It's Not Always ICache (2021)
28 points by hyperpape
28 points by hyperpape
So, in this case, the main issue is that the inlined version counts up instead of counting down, which adds the cmp: the compiler applies an optimization in the non-inlined version, and misses it on the inlined version. But why? Is the optimizer less eager to optimizer bigger functions?
the inlined version counts up instead of counting down
Good catch. I wonder what kind of heuristics are at play here. I'd think that rustc/LLVM would let me decide whether to count upwards or downwards if it impacts performance this much because if this is the only reason for 21% decrease in runtime, that's quite significant and the compiler shouldn't mess with it on its own and let me do the benchmarking and tweaking.
Would be interesting to learn about a rustc or LLVM dev's perspective here.
That's an odd attitude to have I think. There are many many things that an optimizing compiler decides for you that can have more than 20% performance impact.
The inlined version needs branch prediction hints to tell the compiler that the fast path will be taken most of the time. (or that the slow path won't be taken often)
This will potentially change the basic block layout (slow path blocks will be at the end, out of the hot path, similar to the non-inlined version) and can affect register allocation too (if there's enough pressure the fast path code will use the registers instead of stack locations).
I like this attitude of questioning/testing the received wisdom a lot. Nice post.
That said, the other bit of the lore that I've internalized (and maybe I should question!) is that the icache misses might not make your microbenchmark slow down, but they are a bigger problem in the context of a larger program that is doing other things as well. IOW, I worry about the effect of code bloat on icache pressure more when my microbenchmark speeds up, where the bad effect might be more subtle, than in cases like this blog post where the microbenchmark slows down.
I wanted to comment exactly the same thing.
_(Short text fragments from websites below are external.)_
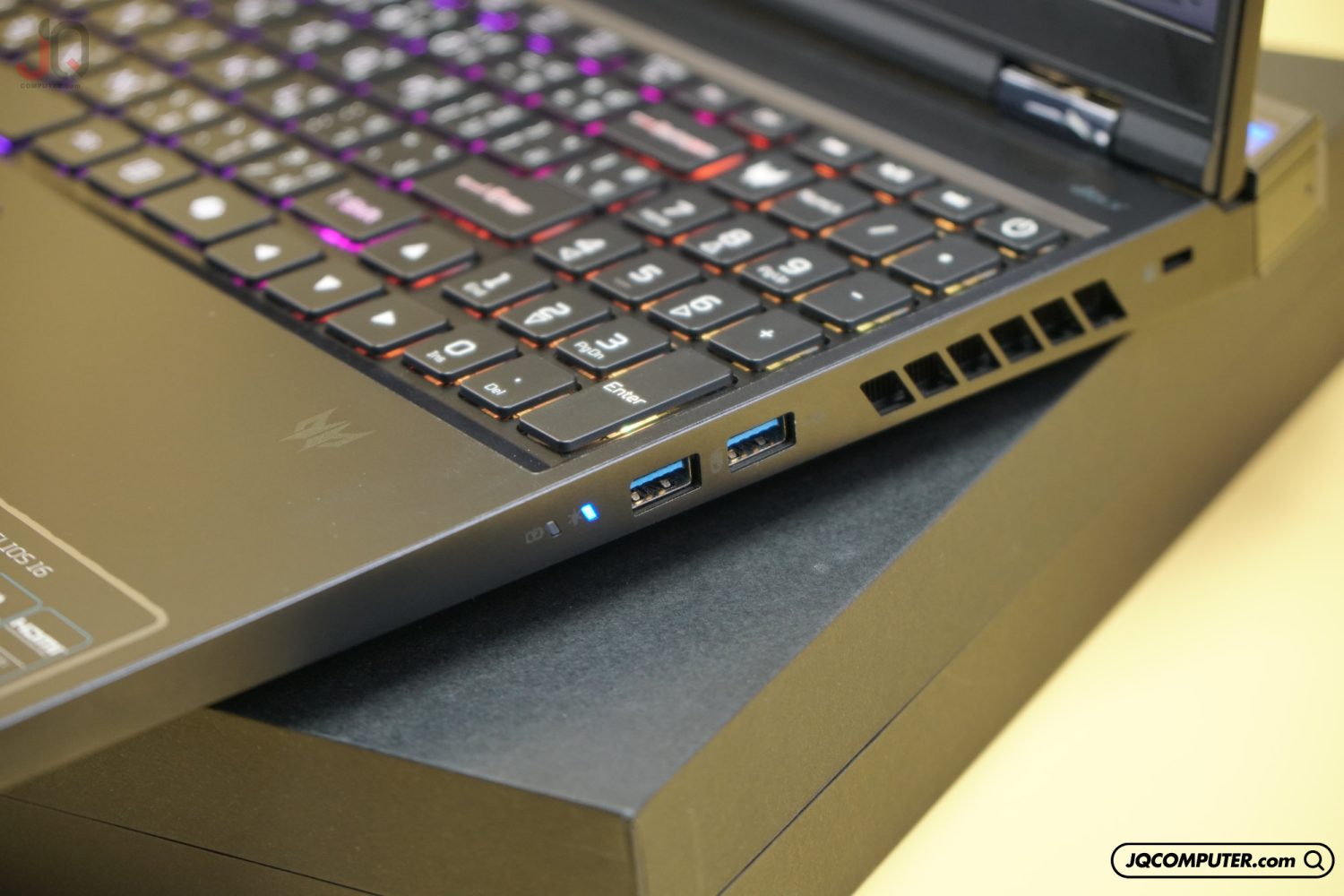Acer Predator Helios 16  (PH16-72-92WW) - Image 14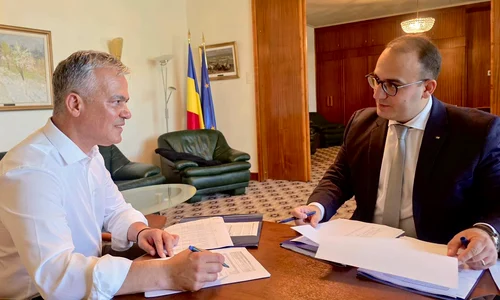 adrian vestea si florin zaharia, propunerea pentru MIPE FOTO Facebook jpg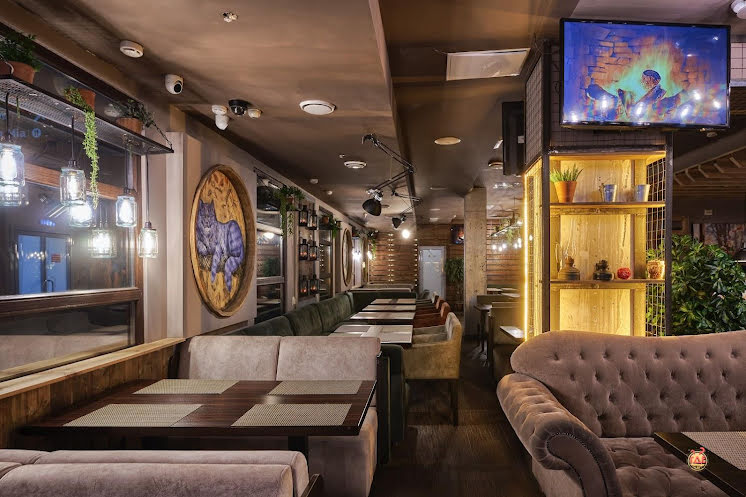 Основной зал в «Корова на бочке на 70 лет Октября» фотография №10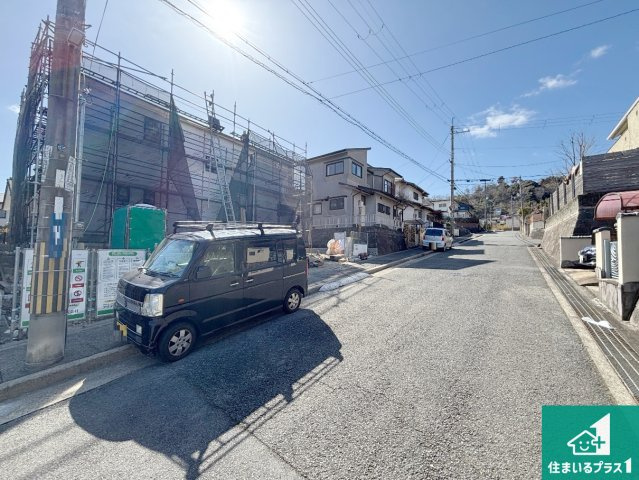 生駒市あすか野南　第1期　新築一戸建ての前面道路含む現地写真|周辺は閑静な住宅街です。前面道路もしっかりと有りますので車の出し入れも安心ですよ！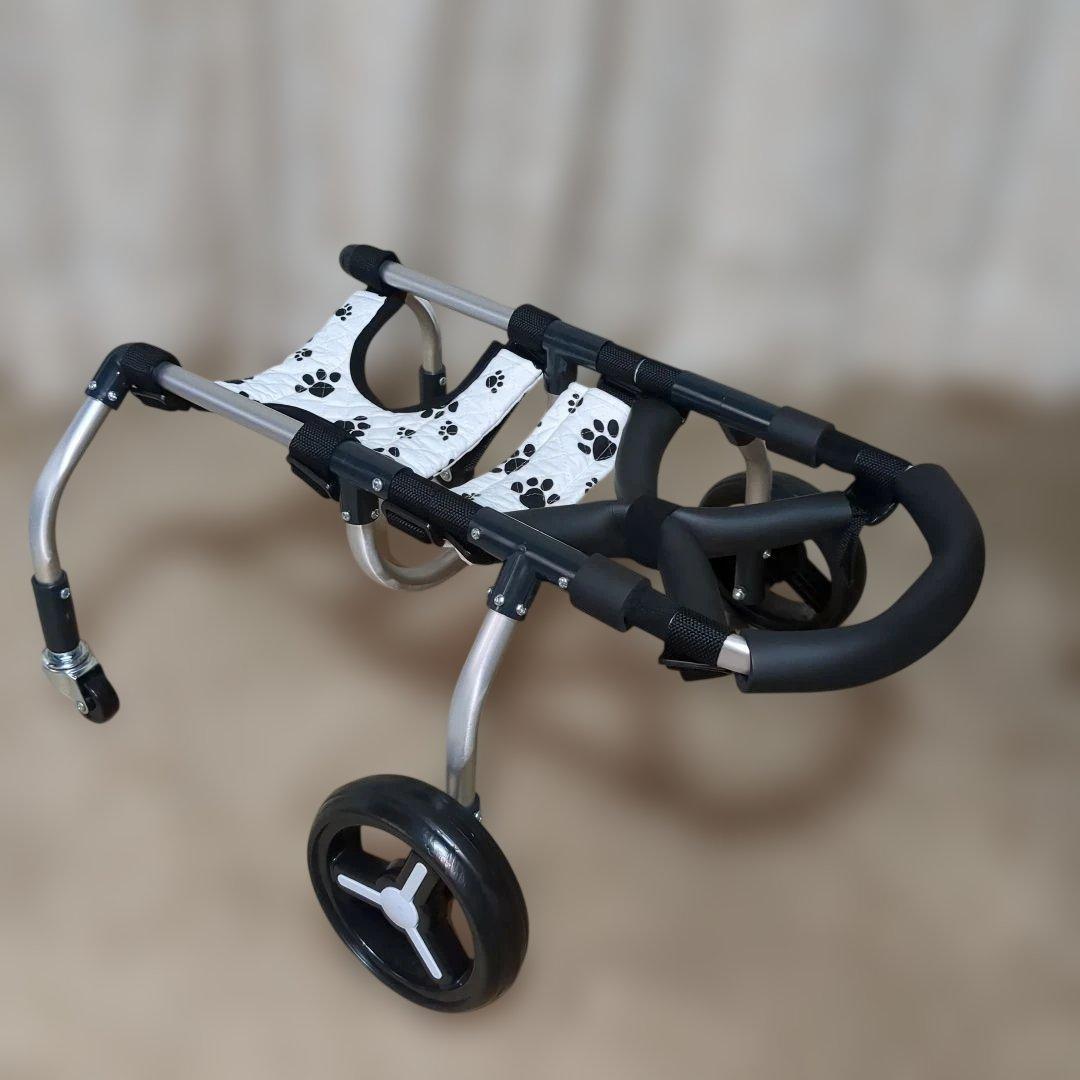ワンちゃん4輪　リハビリ　食事補助　犬用車椅子　シニア犬補助　介護　犬の歩行器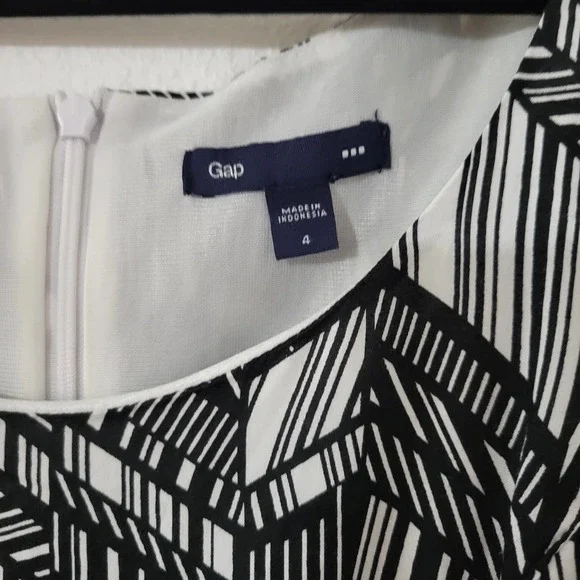 Gap Sleeveless Geometric Print Dress - Picture 7 of 8
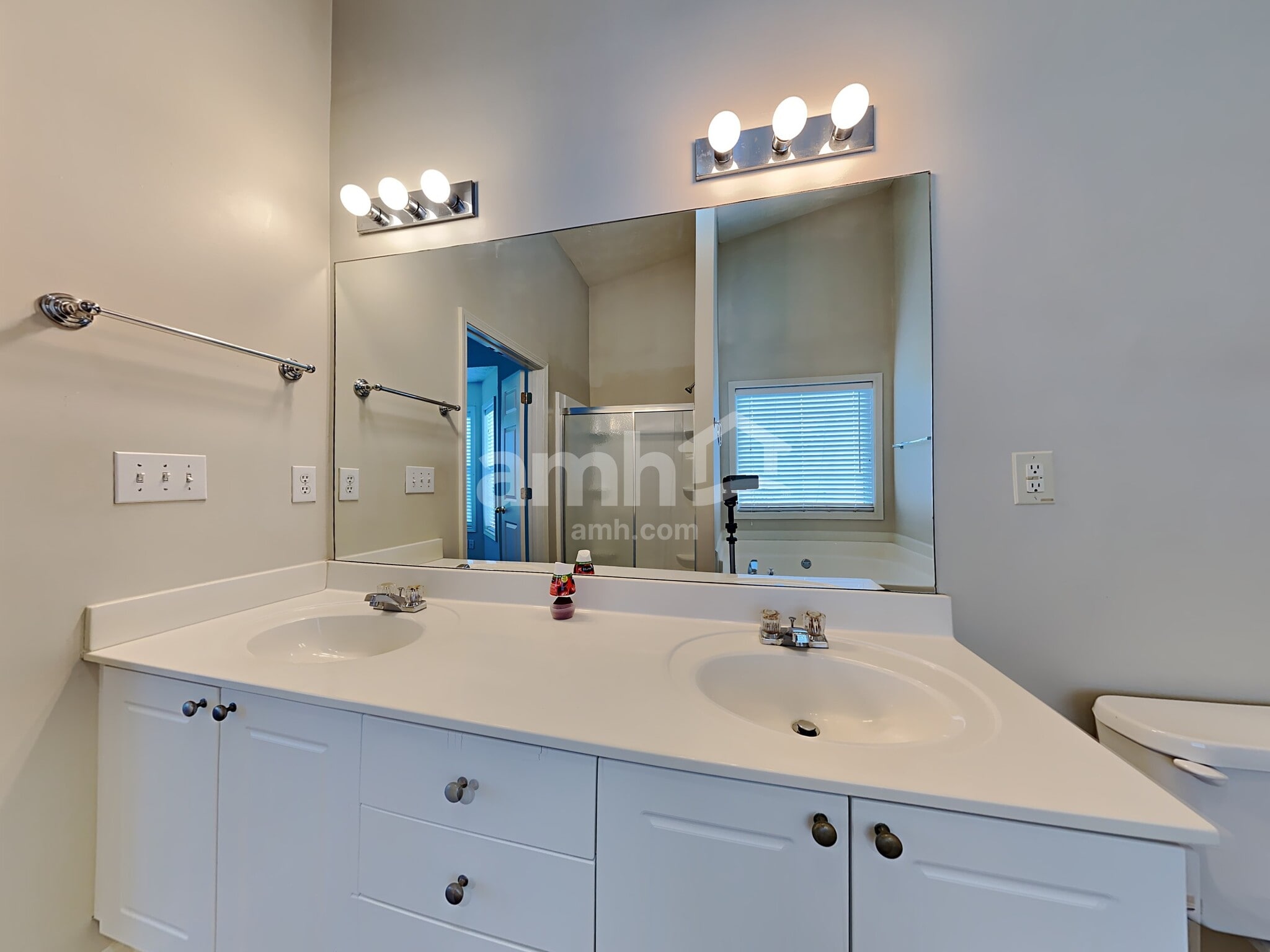 Building Photo - 1552 Armende Cir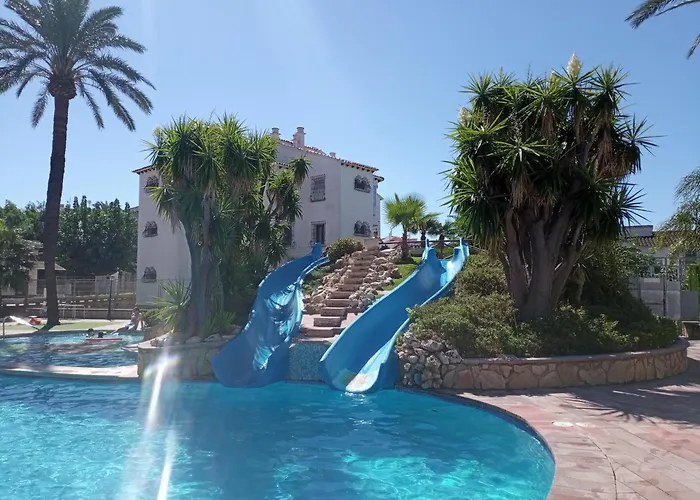 Apartamento Con Piscina Y Chiringuito *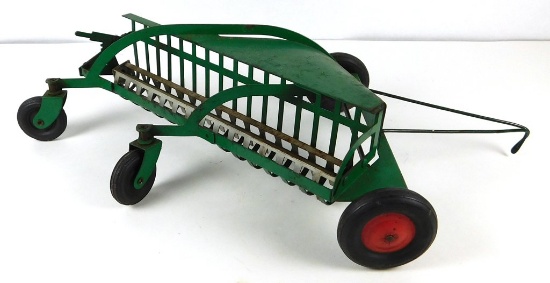 1940’s Oliver Hay Rake.  SIZE:  116 scale.  CONDITION:  Choice EF.  VALUE:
It would be hard to measure the cost of a bit of extra icache use. It's like measuring number of deaths from air pollution caused by cars. No single death can be attributed directly to any single car ride, but we generally agree it is best to keep air quality as high as we can, and statisticians can do come up with some numbers.
It’s still hard to say what perf’s sL1-icache-loads means. Judging by the name, it should correspond to cachegrind’s I refs, but it doesn’t.
The article doesn't state exactly what CPU they're using, but I'd guess it's probably not counting instructions that are executed out of a uop cache or similar that's closer/smaller/faster even than the L1 I-cache (an "L0" cache of sorts that I wouldn't expect cachegrind to simulate). For a tight loop like the code in question that could easily dominate the total dynamic instruction count.